Такая двойственность разделяет также средства выражения; тут противостоят друг другу образ и «значение». Первый принцип присущ созданию образов, второй – полаганию значений; для одного существуют только вещи, для другого – только их взаимосвязи, только понятия и ценности. Поэзия сама по себе не ведает ни о чем, что находилось бы по ту сторону вещей; всякая вещь для нее есть нечто серьезное и сингулярное и несравненное. Поэтому поэзия также не знает никаких вопросов; не чистым вещам адресуют вопросы, а лишь их взаимосвязям; ибо – как в сказке – здесь из любого вопроса вновь получается вещь, подобная той, что пробудила ее к жизни. Герой стоит на перекрестке дорог или посреди битвы, но перекресток дорог и битва не суть судьбы, в отношении которых имеются вопросы и ответы; они попросту и буквально являются битвами и перекрестками дорог. И герой трубит в свой горн, взывающий к чуду, и чудо случается – вещь, которая по-новому упорядочивает вещи. В действительно глубокой критике, однако, не бывает жизни вещей, не бывает образов, а бывает лишь прозрачность (Transparenz), лишь нечто такое, что ни один образ не сумеет выразить полноценно. «Безобразность всех образов» является целью всех мистиков; издевательски презрительно Сократ говорит Федру о поэтах, которые никогда не могли достойно воспеть истинную жизнь души и вряд ли когда-либо воспоют.
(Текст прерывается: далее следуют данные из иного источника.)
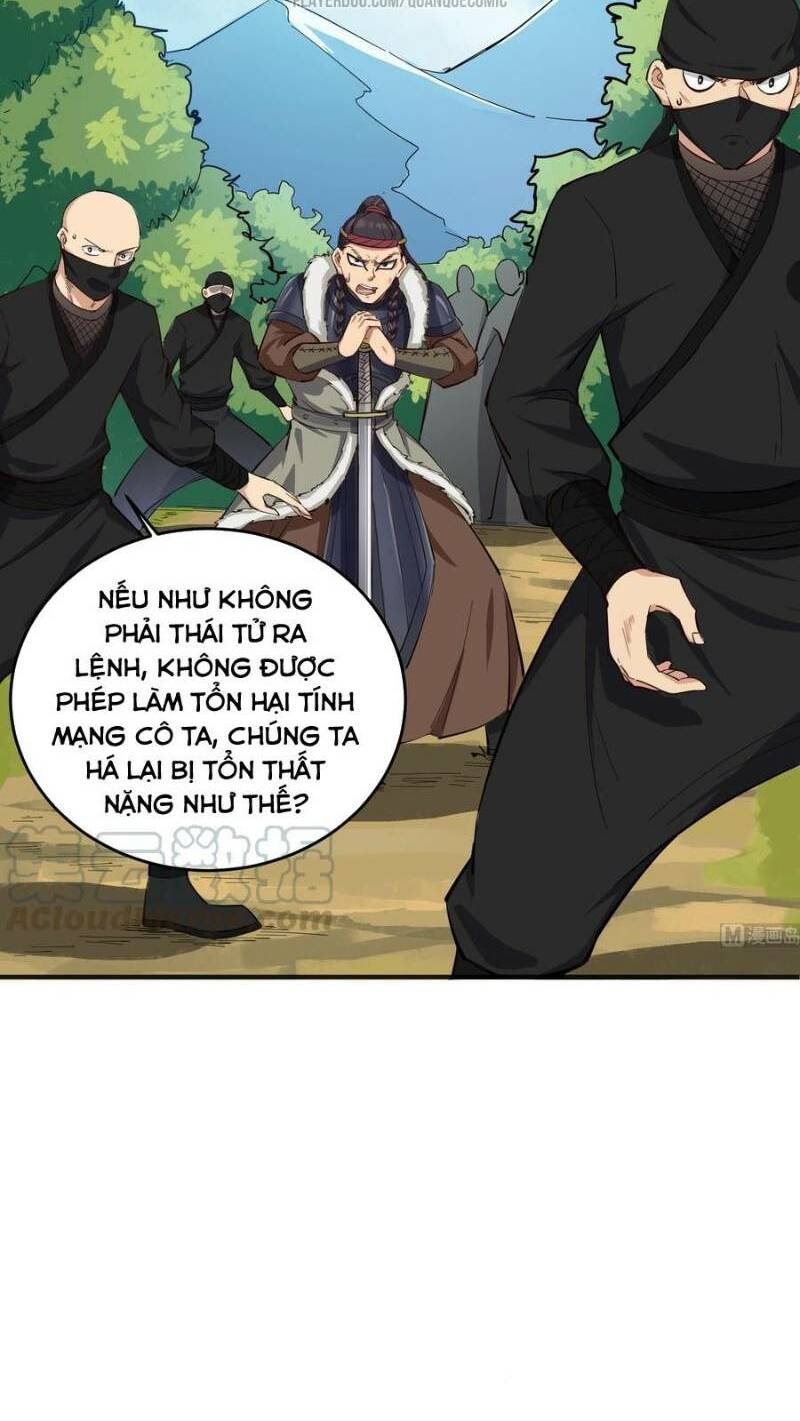 trọng sinh tới đại đường chapter 60 5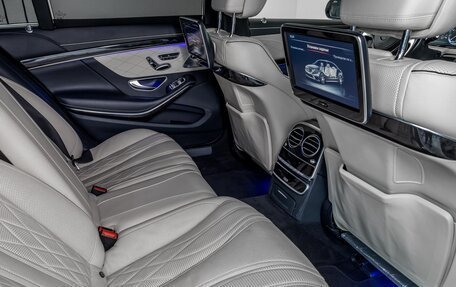 Mercedes-Benz S-Класс AMG, 2014 год, 3 500 000 рублей, 11 фотография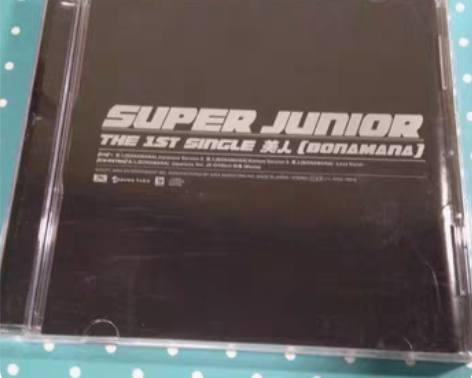 Super Junior 美人啊 Bona...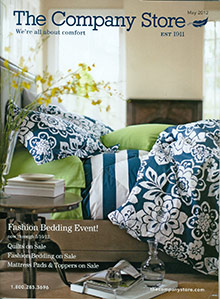 Picture of The Company Store from The Company Store catalog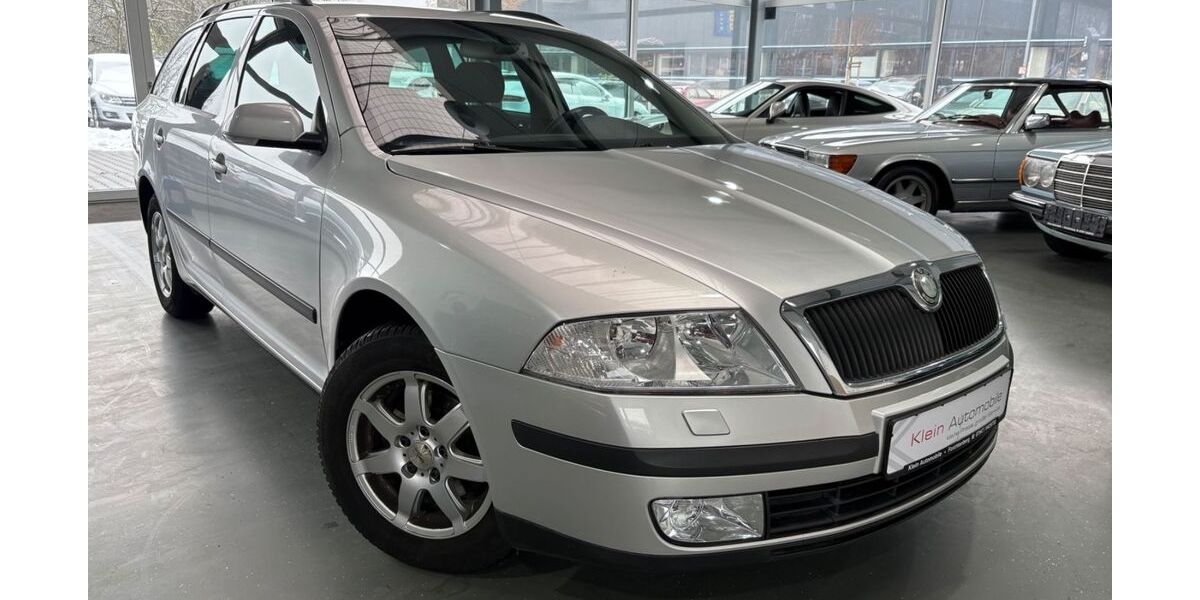 Skoda Octavia 207.000 km 2.790 &euro; Forchtenberg 74670
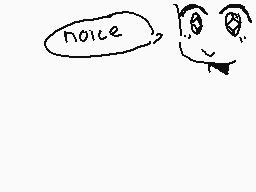 Drawn comment by Mush_Bean♥
"noise"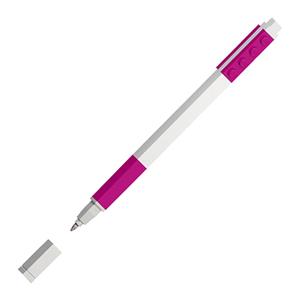 Image of LEGO® GEL PEN - redviolet (SKU: 168906885000121) Image of LEGO® GEL PEN - redviolet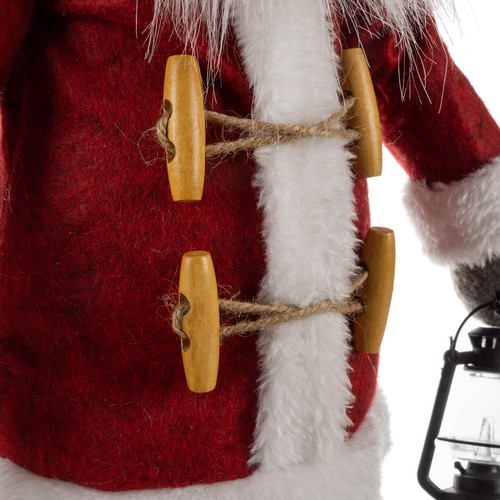 Santa Claus - Vianočná figúrka 45cm Ruhhy 22352 – Obrázok 8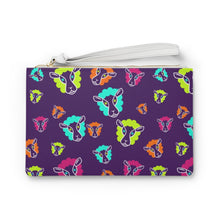 Load image into Gallery viewer, UnCloned® Double Sided Clutch Bag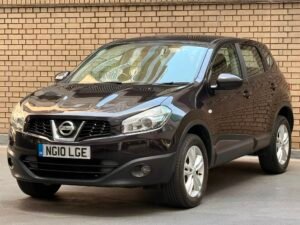 Nissan Qashqai 1.6 Acenta 2WD Euro 4 5dr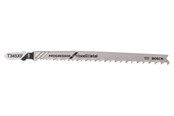 Decoupeerzaag - Bosch STIKSAVKLINGE T 345 XF 25 STK - 2608634995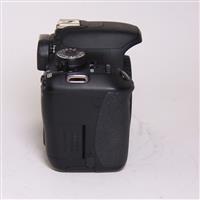 Used Canon EOS 600D Body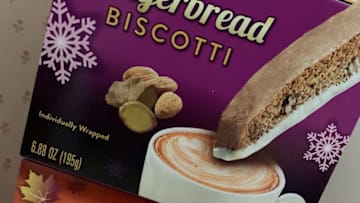Nonni's Biscotti. Image by Kimberley Spinney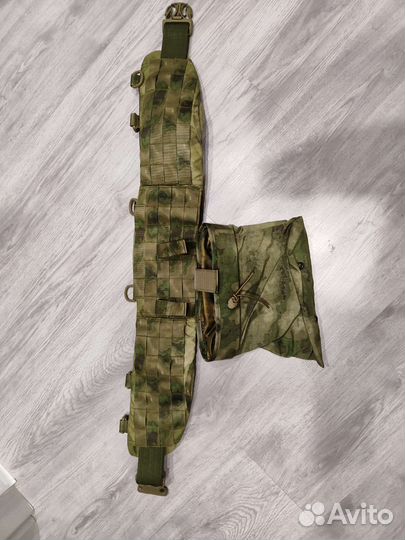 Разгрузочный Пояс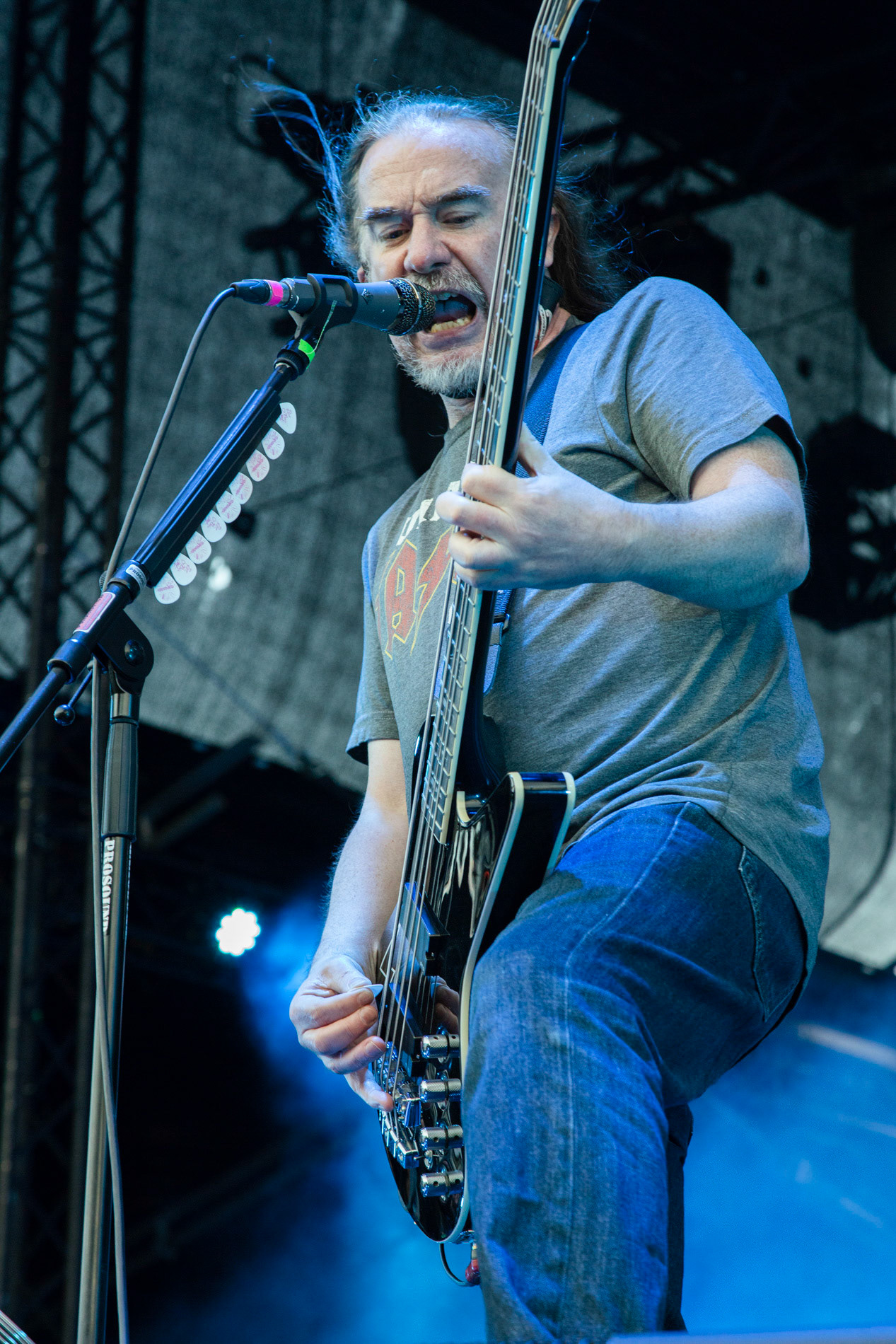 1.06.2022 Carcass - Warm up Day Mystic Festival 2022, Stocznia Gdanska, Gdansk, Mystic Coalition.fot. Andrzej Wasilkiewicz/Reporter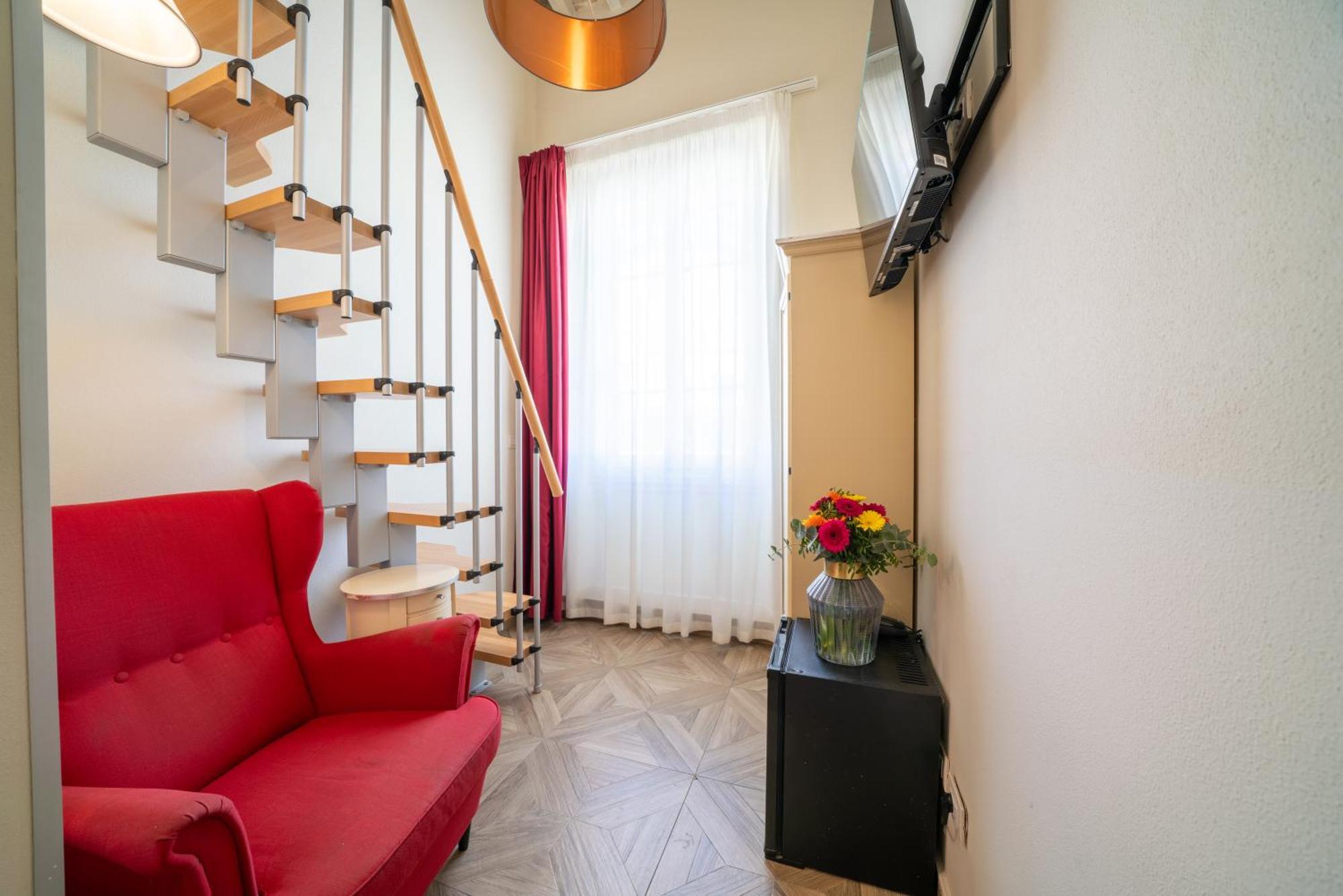 Affittacamere Residenza Conte Di Cavour&rooftop Firenze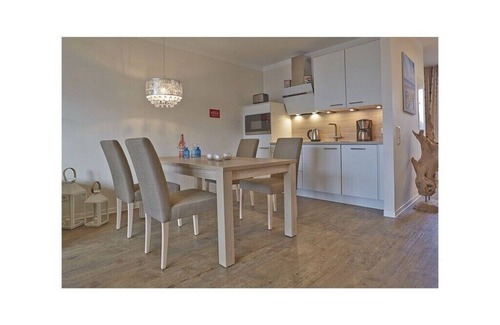 Boergerende-Rethwisch Maison | Holiday apartment with 2 bedrooms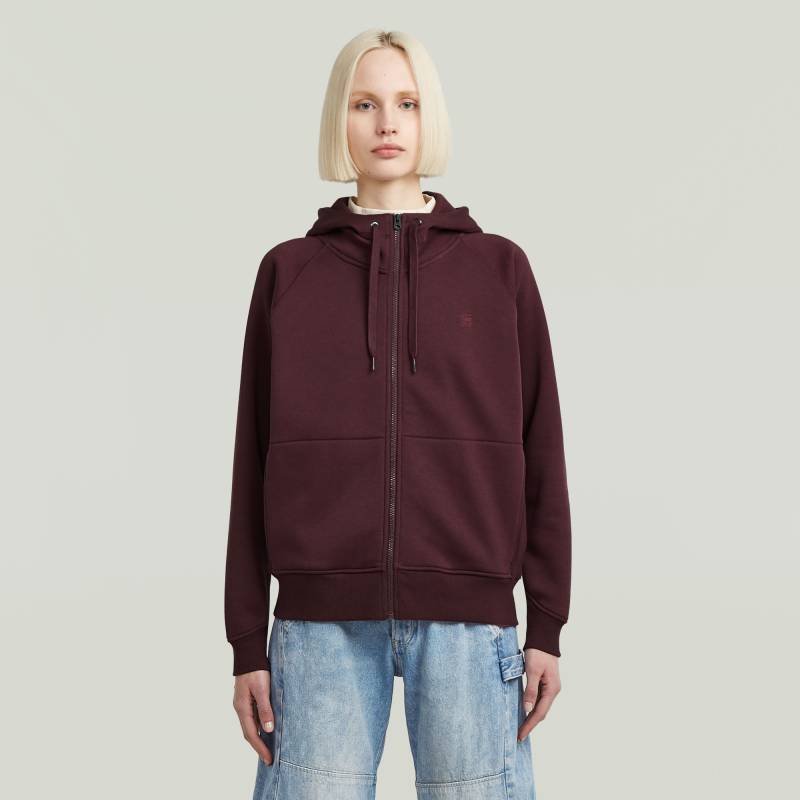 Premium Core 2.1 HDD Zip Thru Sweater von G-STAR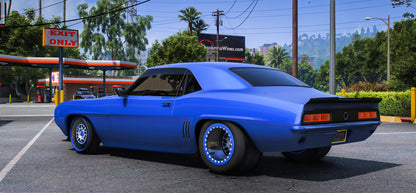 (Debadged LF) 1969 Muscle Maro v2 | GG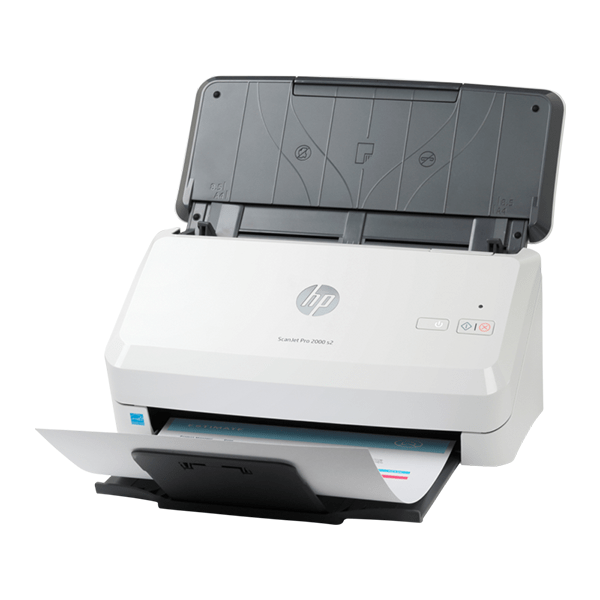 Máy quét HP ScanJet Pro 2000 s2 Sheet-feed (6FW06A)
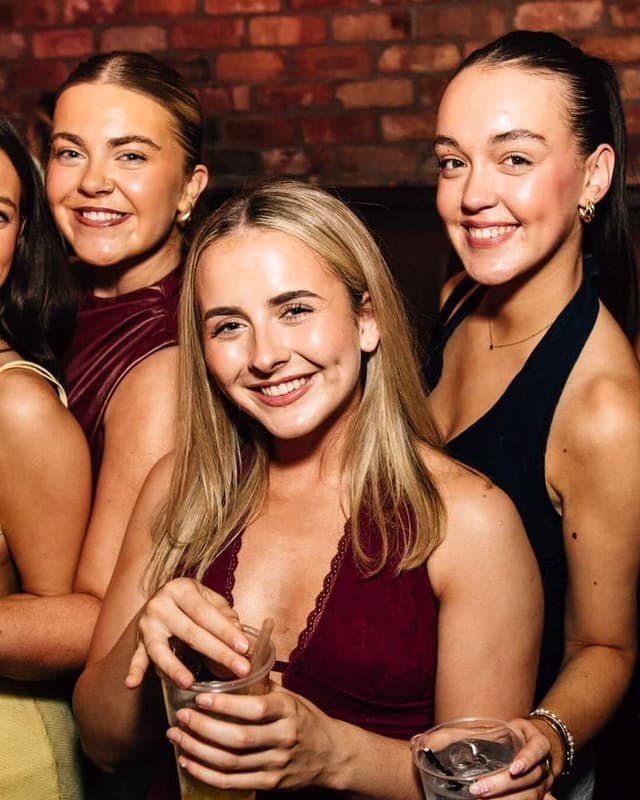 Funkarama at Thompsons, Freshers 2025 · Part 2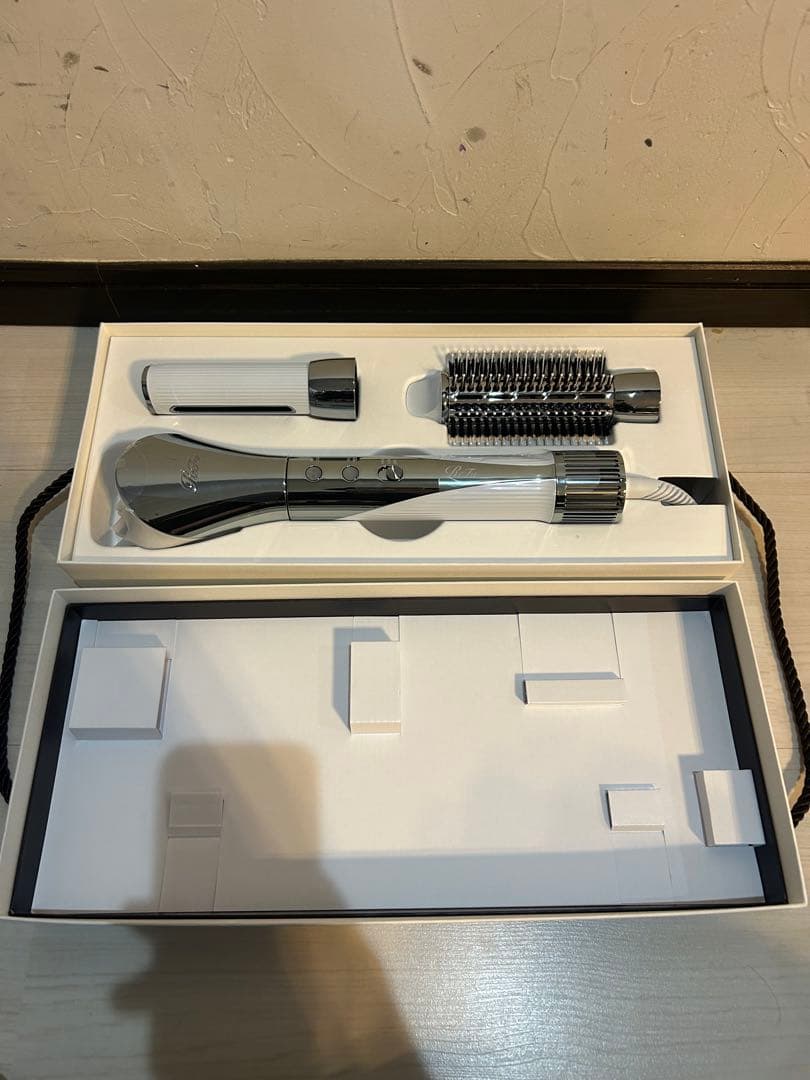 ReFa リファビューテックリセッター RE-BI-02A ヘアドライヤー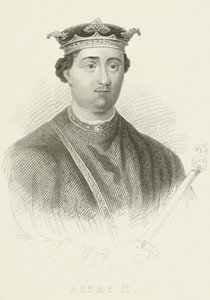 Rey Enrique II de English School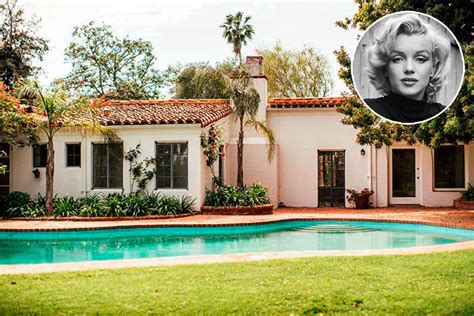 La casa donde apareció muerta Marilyn Monroe, a la venta por 6,2 millones de euros — idealista/news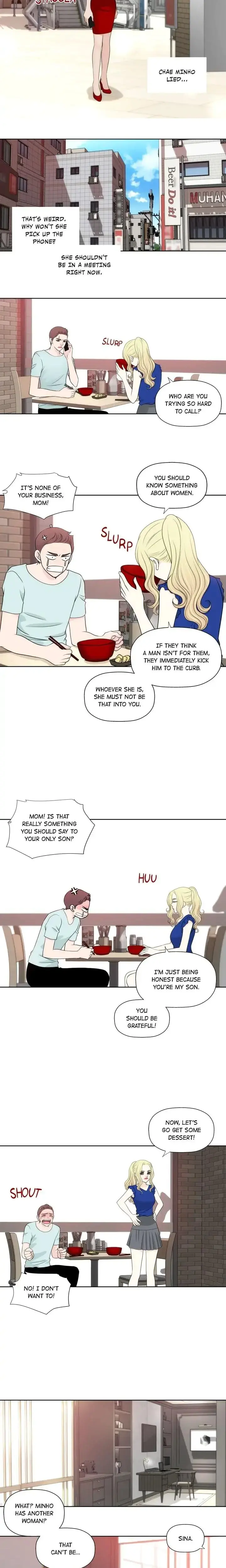Cinderellas Man Chapter 135 - Page 4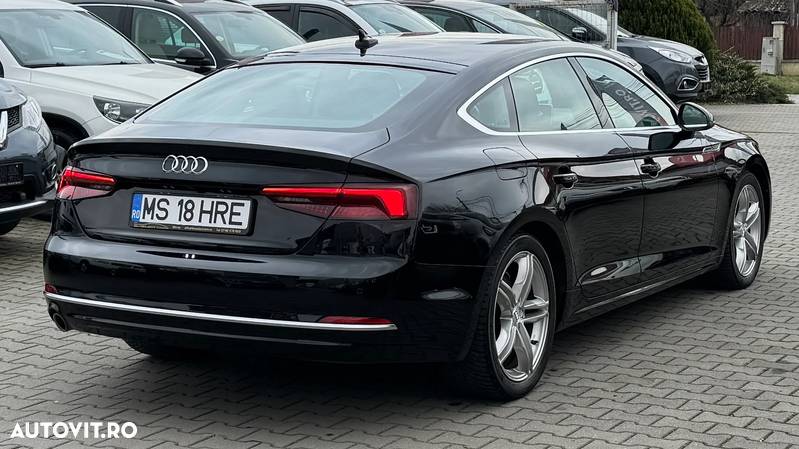 Audi A5 Sportback 2.0 TDI S tronic Design - 3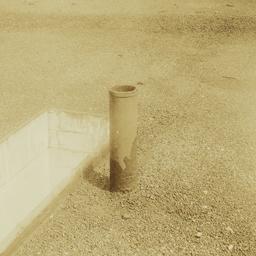 Narrow Vent Shaft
Занебесную область, где живут бессмертные души, говорит Сократ, «занимает бесцветная, без очертаний, неосязаемая сущность, подлинно существующая, зримая лишь кормчему души – уму».
Ты, наверное, захочешь возразить: мой поэт – это пустая абстракция, равно как и мой критик. Ты прав: оба они являются абстракциями, но, наверное, все-таки не совсем пустыми. Они являются абстракциями, ибо даже Сократ вынужден говорить в метафорах о своем мире без очертаний (ohne Gestalt) и по ту сторону всех образов, и даже термин «безобразность» немецких мистиков есть метафора. Не бывает также поэзии без упорядочения вещей. Мэтью Арнолд однажды назвал ее “Criticism of Life”. Она изображает финальные взаимосвязи между человеком и судьбой и миром и, конечно же, проистекает из подобной глубочайшей концепции, даже если она зачастую и не знает о своем происхождении. И пусть она зачастую отрешается от всякой постановки вопроса и концепции, – не является ли отрицание всяких вопросов также постановкой вопроса, а их сознательное отклонение – некоей концепцией? Пойдем дальше: разделение между образом и значением также есть абстракция, ибо значение всегда находится в оболочке образов, а отсвет сияния того, что потусторонне образам, просвечивает в каждом образе. Всякий образ – от мира сего; и лик его излучает радость существования. Но он вспоминает и напоминает нам о чем-то, что было когда-то, о некоем где-то, о своей родине, о том единственном, что важно и значимо для души в самой ее основе. Да, будучи взятыми в своей нагой чистоте, они суть лишь абстракции, два этих экстремума человеческого чувствования [образ и значение], но только с помощью таких абстракций я способен обозначить оба полюса литературного выражения, две его крайних возможности. И тексты тех, кто самым решительным образом отворачивается от образов, кто наиболее пылко стремится к тому, что позади них, – это произведения критиков, платоников и мистиков.